Стоп. К последнему слову у Мельникова-Печерского — сносочка:

«Уросливый: капризный, своенравный. От татарского урус — русский. Татары своенравных и причудливых людей зовут русскими».

Спасибо, Павел Иванович! Нет комментариев.

Деньги для империи и деньги для нации

А неспроста шутка древнего римлянина по поводу налога с уличных туалетов: «Деньги не пахнут» — пережила и того римлянина, и те туалеты, и через тысячелетия крылатым словцом порхнула к нам: деньги действительно по идее не должны иметь ни запаха, ни цвета, ни вкуса, ни местной прописки. Цифры для расчета, условные знаки, символы! Без собственной стоимости и уж, конечно, без национального, социального или еще какого там «лица».

Но едва пытаешься вернуться мыслью к этой изначальной бескачественности денежных знаков, как чувствуешь, что вся человеческая история этому сопротивляется: настолько она пропитана собственной тяжестью денег, и эти условные знаки, вроде бы только отражающие суммы вещей, сил, товаров, благ и ценностей, — сами становятся вещью, силой, товаром, благом и ценностью. Они, оказывается, могут «расти». Они могут сталкиваться и душить друг друга. И, конечно, они имеют вопиющее, нестираемое «лицо». «Еврейские деньги», «Германские деньги», «Американские деньги».

Черты этого «лица» впечатываются в дензнак, врезаются «на все времена», оберегаются с первочеканки, которая не в безвоздушном же пространстве происходит, а в реальности, меченной временем, местом, языком.

Американский доллар, несмываемый с саквояжа «дяди Сэма», одновременно помнит свое окрещивание в купели талера.

А споры при крещении нынешней общеевропейской валюты! Первоначально ее имя, сокращенное до аббревиатуры, звучало как экю. Наверное, французы радовались такому созвучию с их национальной монетой, но радовались недолго: ни немцы, ни испанцы, ни итальянцы, ни тем более британцы никогда не примирились бы с подобным офранцуживанием Европы — и изобрели среднеевропейское евро.

В конце концов, неважно, какая именно пылинка прилипла к абстракции, но если уж прилипла.

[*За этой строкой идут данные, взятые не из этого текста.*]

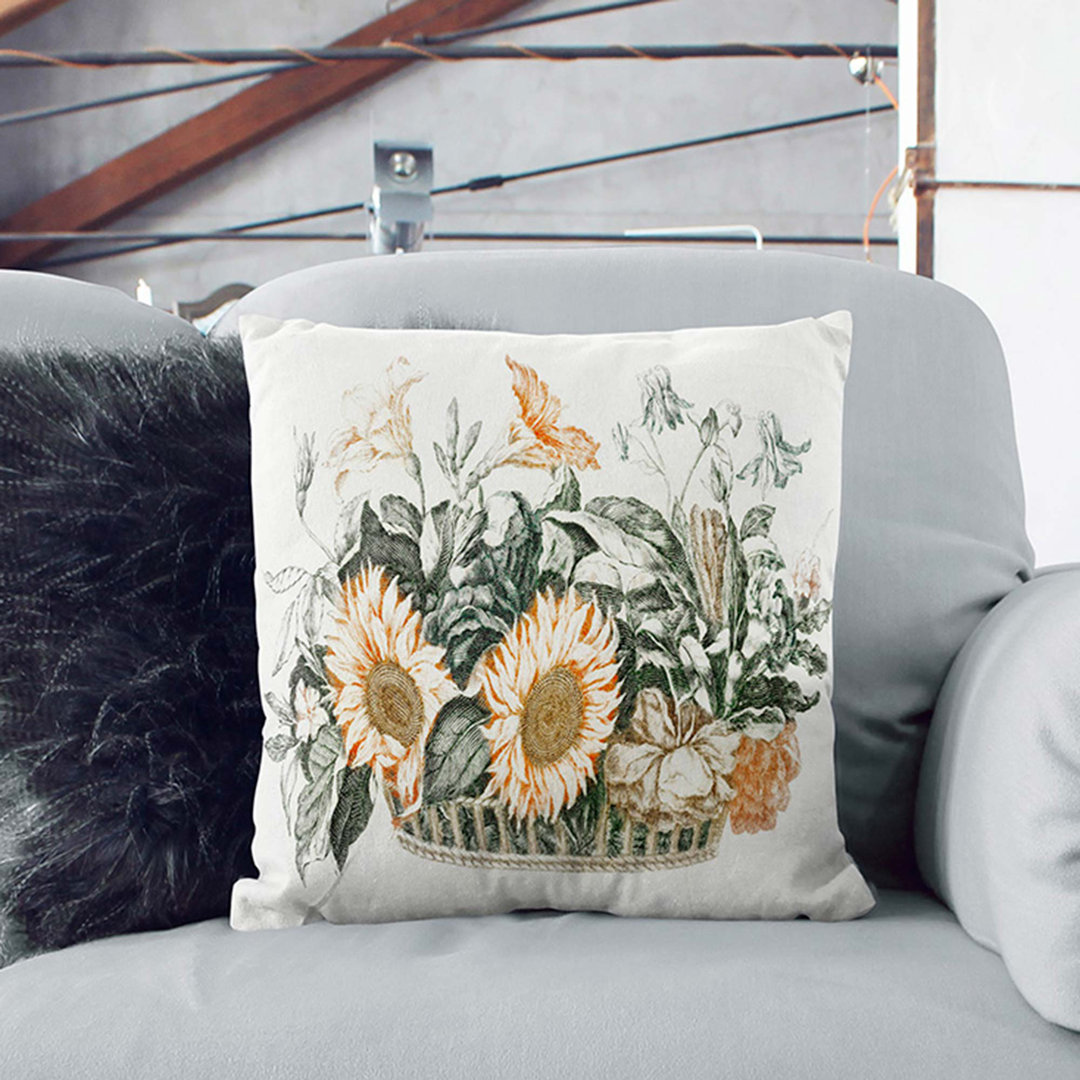 Basket with Flowers by Johan Teyler Cushion with Filling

Слово «рубль» при взгляде на металлической кружочек напоминает нам, как наши пращуры рубили на кусочки серебряный стержень. И «копейка» греет нам душу при любых инфляциях и деноминациях, хотя и копье, которым «тычет» дракона Егорий, и дракона, и самого Егория мало кто вспоминает, отсчитывая мелочь при расчетах.

Что «банк» — немецкая скамья, «ипотека» — греческий столб, а «ссуда» русское судебное постановление, мы в памяти не держим. А вот «единственный настоящий банкир в Петербурге» по имени Адольф Ротштейн, боюсь, способен в память врезаться, да еще и вызвать в сознании нынешних правдолюбов взрыв эмоций на предмет «всемирной мафии», «мировой закулисы» и «масонского заговора», — если, конечно, немецкое имя не отвлечет юдофобов от его еврейской физиономии (а сидящий обок Адольфа Вячеслав не добавит в сюжет еще и польского гонору. Впрочем, рядом с В. Лясским тотчас обнаружится в руководстве банка и С.Френкель).